Daniel Roché procura algum alívio na presença do religioso, mas acredita que o futuro não pode ser alterado, ou melhor, não deve ser alterado.
Mesmo assim, ele coloca em dúvida a utilidade de se obter tanto dinheiro, em tão pouco tempo, por meio de ações especulativas nos mercados mundiais. Ao contrário de seus colegas representantes dos Estados Unidos, do Japão, da Alemanha, da Itália, Daniel possui ainda algum verniz intelectual que lhe permite uma reflexão um pouco mais profunda sobre o mundo real.

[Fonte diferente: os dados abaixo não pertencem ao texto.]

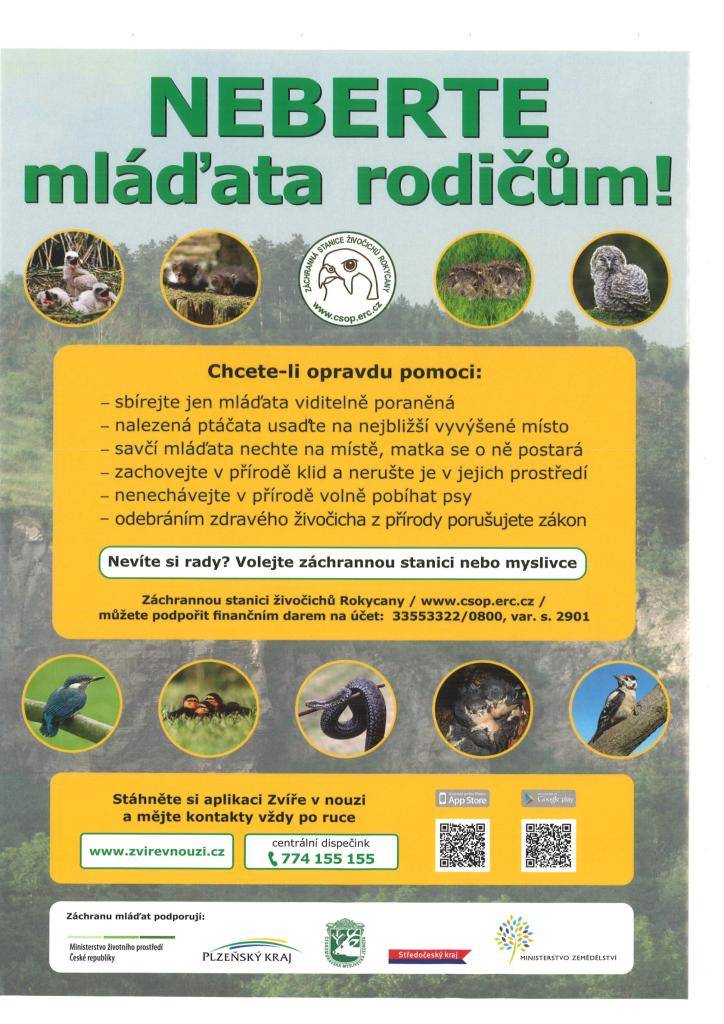 Chcete-li opravdu pomoci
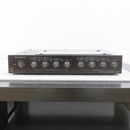 【ジャンク】SONY TA-D900 チャンネルデバイダー ソニー @59818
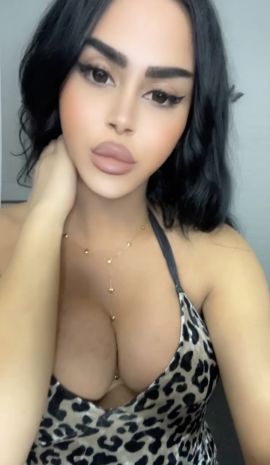 Queen anny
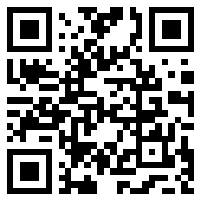 QR Code for MSzWio44qSSrtQkKXtDhj9y3EhPiusxSou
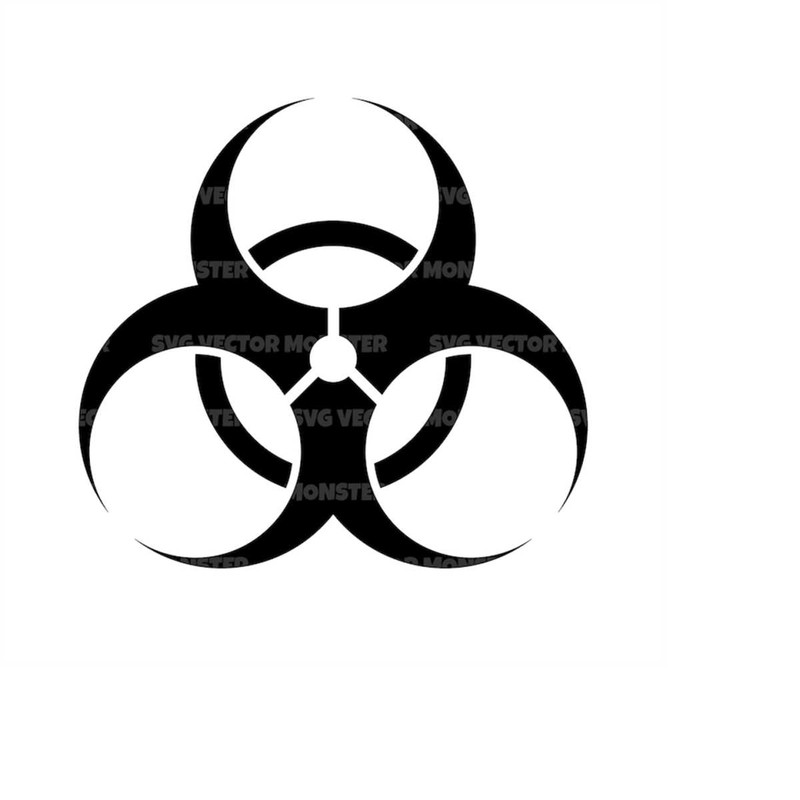 MR-2792023163426-biohazard-svg-symbol-icon-vector-cut-file-for-cricut-image-1.jpg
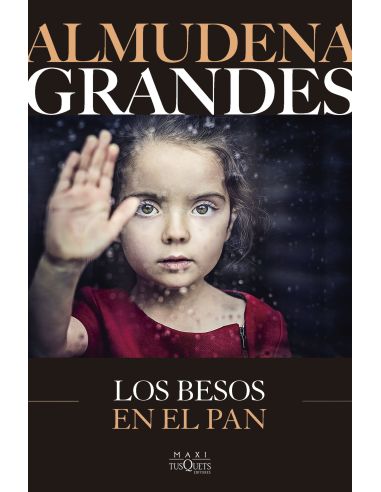 Besos En El Pan, Los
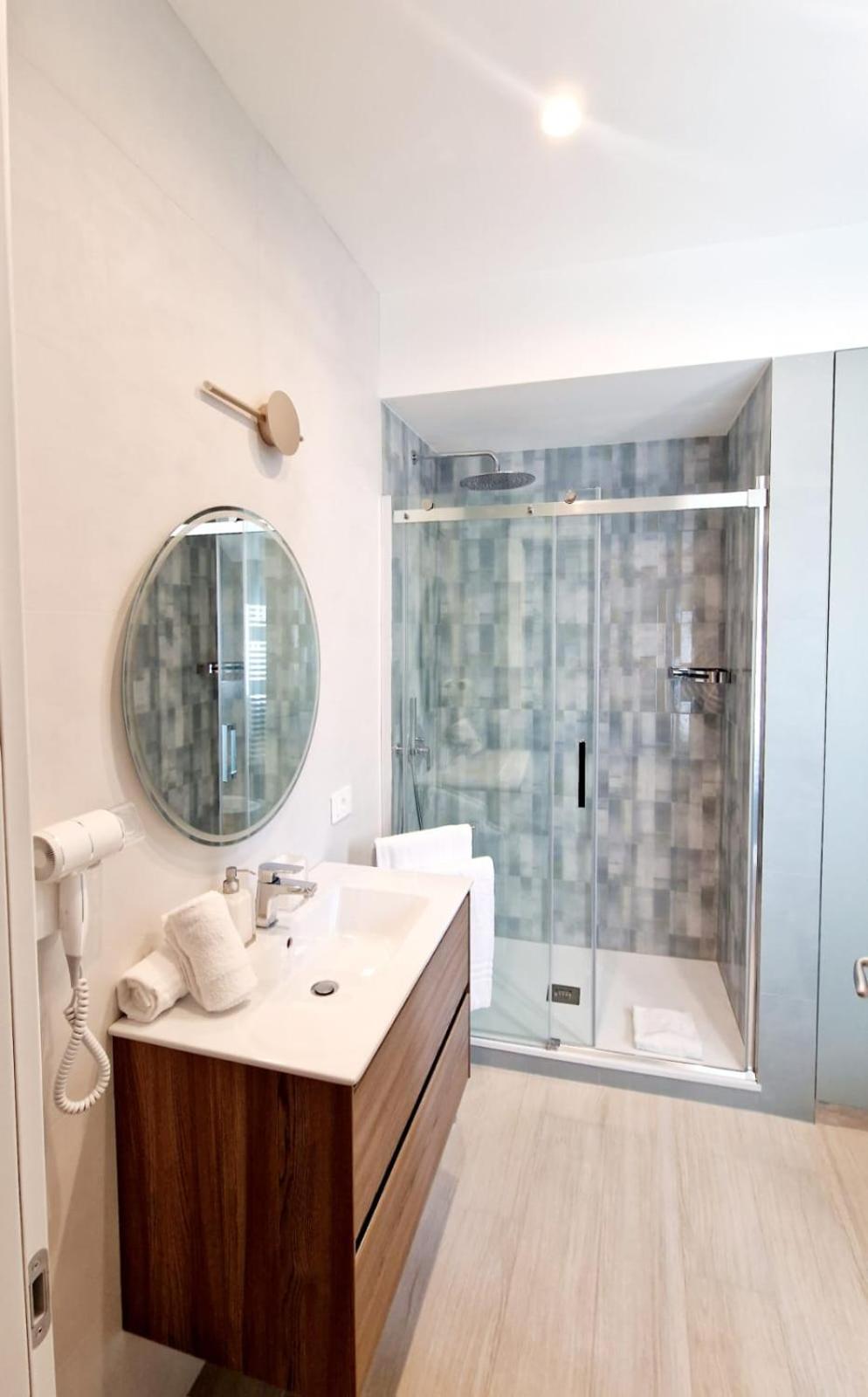 Casa Diana Taormina 아파트 외부 사진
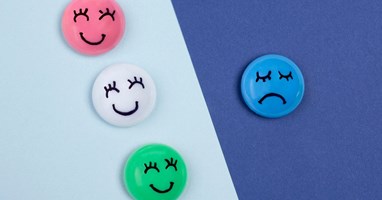 Để trầm cảm tự khỏi được không hay nên điều trị trầm cảm sớm?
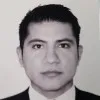 Javier Bravo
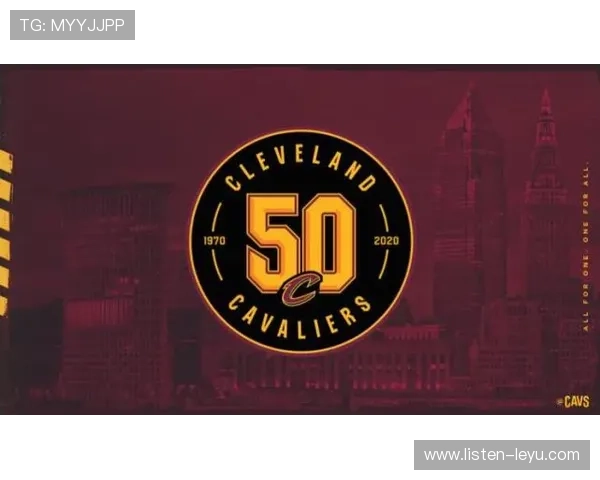 F1赛季精彩回顾与2026年赛季新规则展望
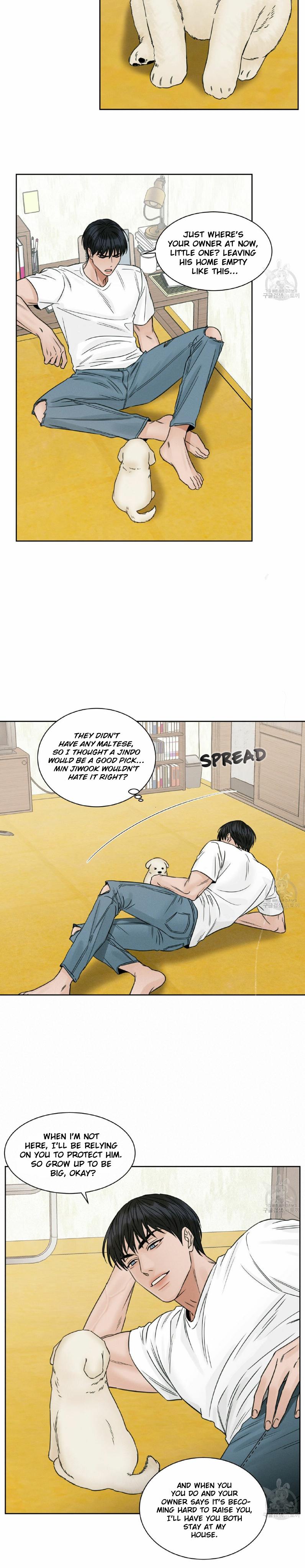Page 11 of Chapter 37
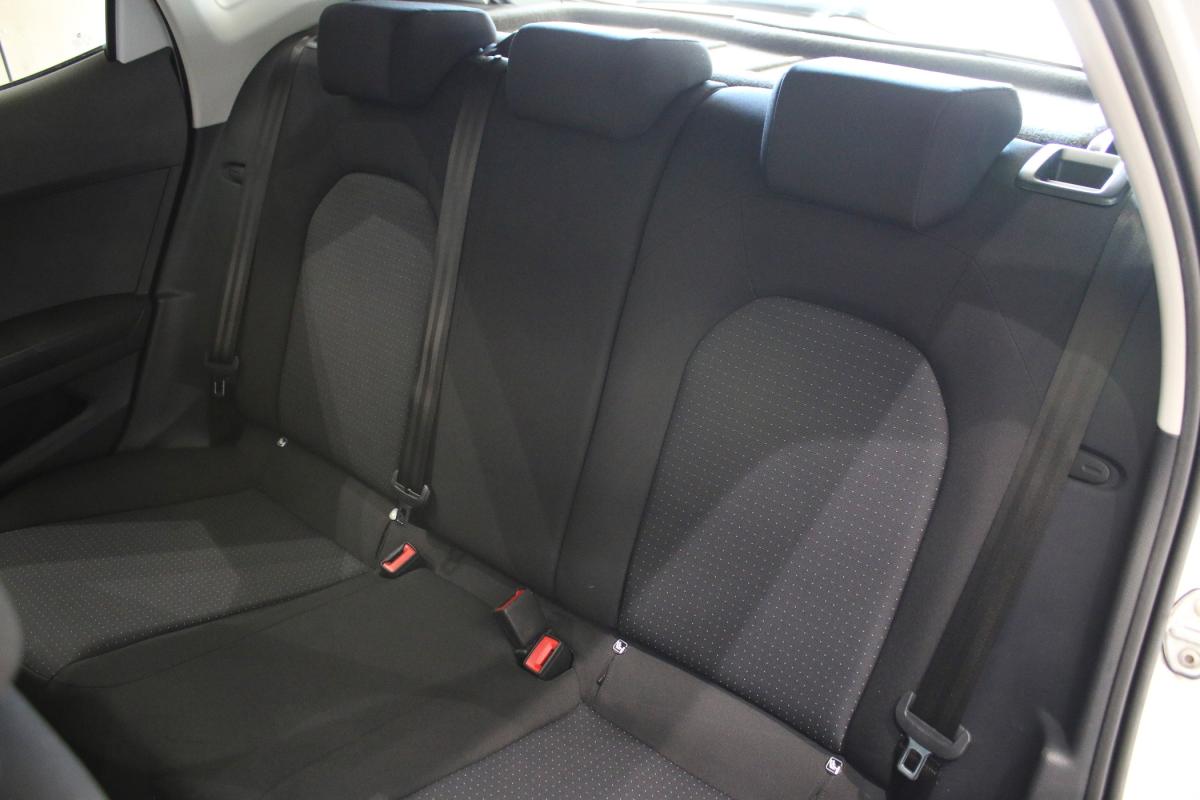 seat-ibiza-2026-gasolina-999cc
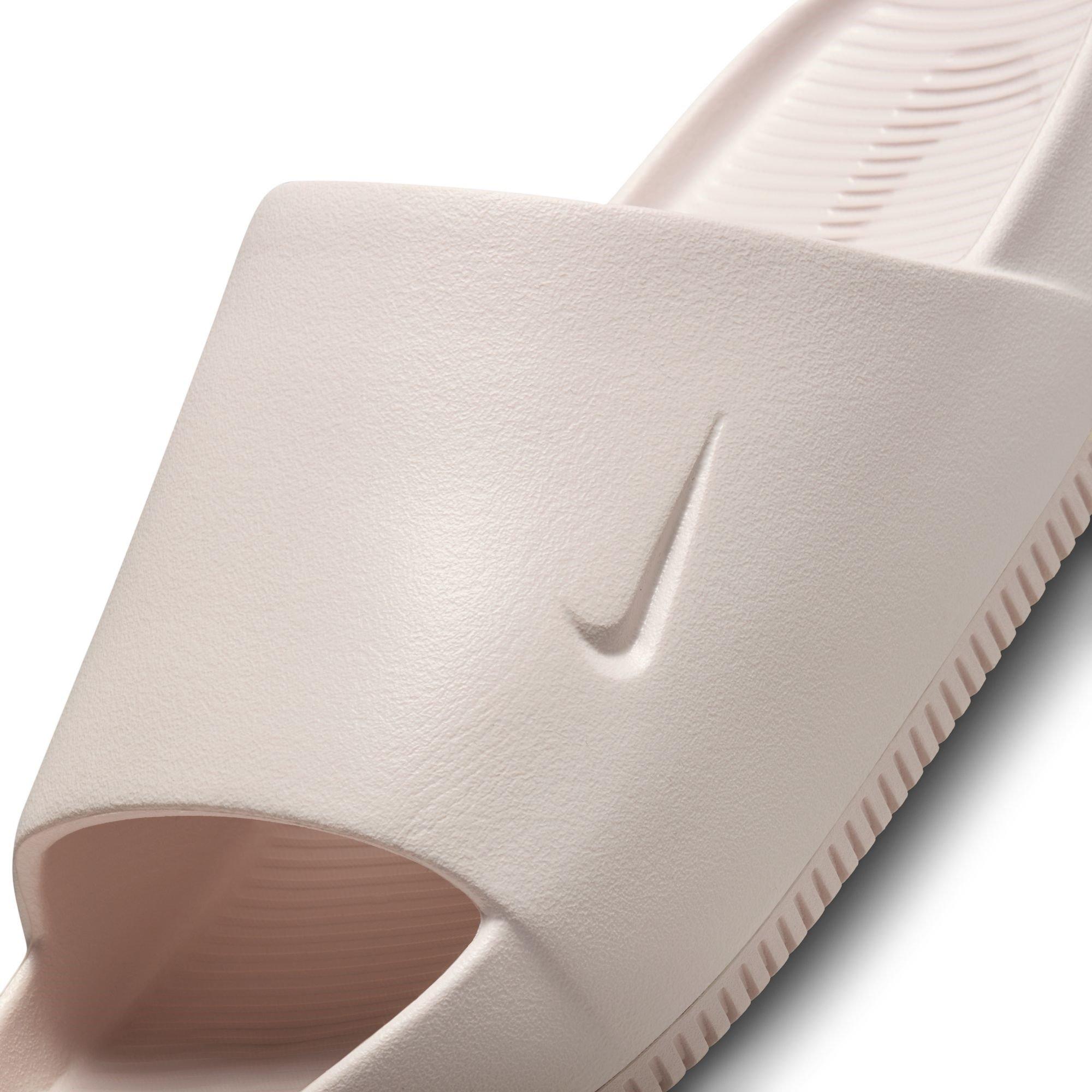 Nike Calm Womens Slides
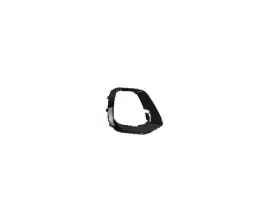 listwa-zderzaka-do-audi-q5-gu-2025-8ma853258t94-prawa-blyszczacy-czarny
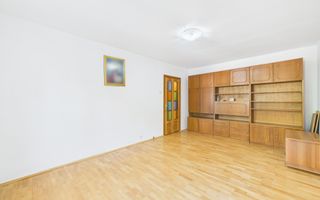 Apartament 3 camere-Titan - Poză 3
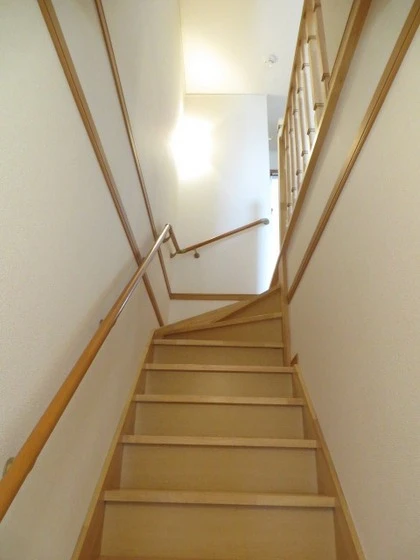 キャトルセゾン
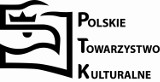 Sukcesy drużyny FM Sosnowiec na Mistrzostwach Polski w Hokeju Stołowym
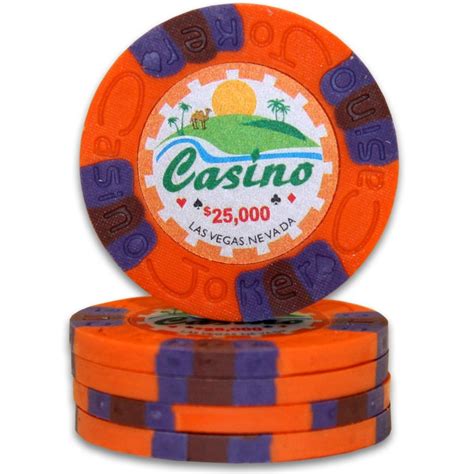  joker casino chips/irm/modelle/cahita riviera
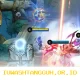 Strategi Equipment Build Hero Marcel Mobile Legends untuk Pemula, Tips Main Hero Support Efektif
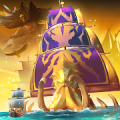 Lord of Seas: Odyssey Mod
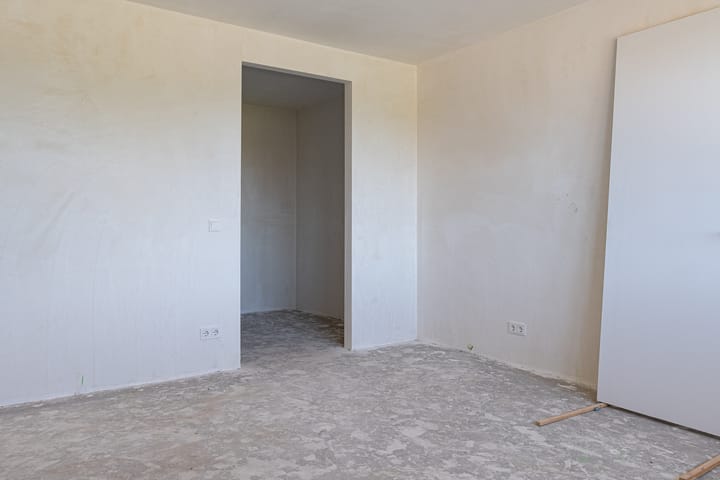 Foto 32 van Griendzoom 2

O filme é lento, seguindo a jornada do monge, mesmo quando um acontecimento inesperado exige respostas e decisões rápidas de todos. Nesse sentido, mais o religioso e a escritora e menos o roqueiro terão condições de confrontar os políticos com a situação incômoda em que se encontram, mesmo que sejam descrentes de alguma mudança.
Talvez as conclusões finais não se sustentem em um mundo em que a força do dinheiro ergue e destrói coisas belas. Como a piada contada pelo dirigente do FMI, sobre um paciente que ao ser submetido a um transplante de coração prefere que o doador seja banqueiro, pois o órgão não terá tido, até então, nenhum uso.